Why is in-app so different to this world?
Erwin: It comes down to the data. Programmatic buying is driven by data, and on the desktop and mobile web, that data is currently delivered via cookies. Cookies are what give an advertiser the ability to identify that a unique visitor to their website is interesting, for whatever purpose, and then retarget them with a relevant message when they visit another site on their mobile browser.
With mobile apps, user data is provided through unique device identifiers – not cookies. These Apple IDFA and Google Ad IDs, specifically, can provide data like user location, device type, and the number of times an ad has been viewed within an app. But because the data is different, some of the programmatic trading platforms currently aren’t equipped to transact and target on a mobile-ad-ID basis, and that lack of data makes it more challenging to incorporate in-app inventory into a media plan.
What are the biggest barriers to advertisers looking to break into the in-app market?
Janis Zech: First, we need to make a distinction between different categories of advertisers. Performance advertisers, and mobile developers promoting their own apps, are already quite successful when it comes to in-app advertising.

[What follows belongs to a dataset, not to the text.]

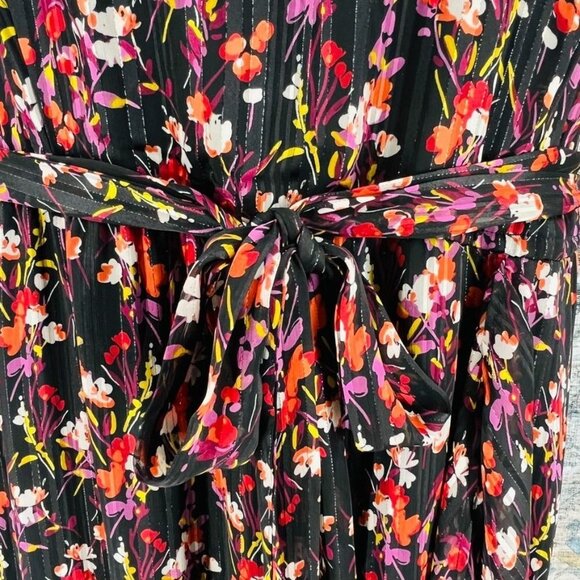 Lane Bryant Maxi Dress Size 26 Black Floral Metallic Shimmer Elastic Waist - Picture 7 of 16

They know how to target mobile users effectively, as they’ve created large proprietary data pools themselves over the years, and are often experts at figuring out precise user acquisition costs. In the case of giants like Supercell, MZ, and King, these campaigns come with multi-million dollar budgets.
Brand advertisers are the ones that need different insight into who they’re reaching and when, and the limited visibility into the data behind mobile ad impressions is what’s currently hindering some of their success with programmatic mobile. In general, there is no shortage of valuable data assets available, but less clarity in how to apply them towards effective audience targeting, measurement and attribution.
As an industry, we’re working to solve this technical challenge; but, generally, the level of audience data and targeting for mobile in-app is still nascent. And that’s why you have reports that show that one out of every five advertisers isn’t sure whether mobile programmatic is effective.
How should advertisers go about budgeting desktop versus mobile versus in-app spend? Where are mistakes being made?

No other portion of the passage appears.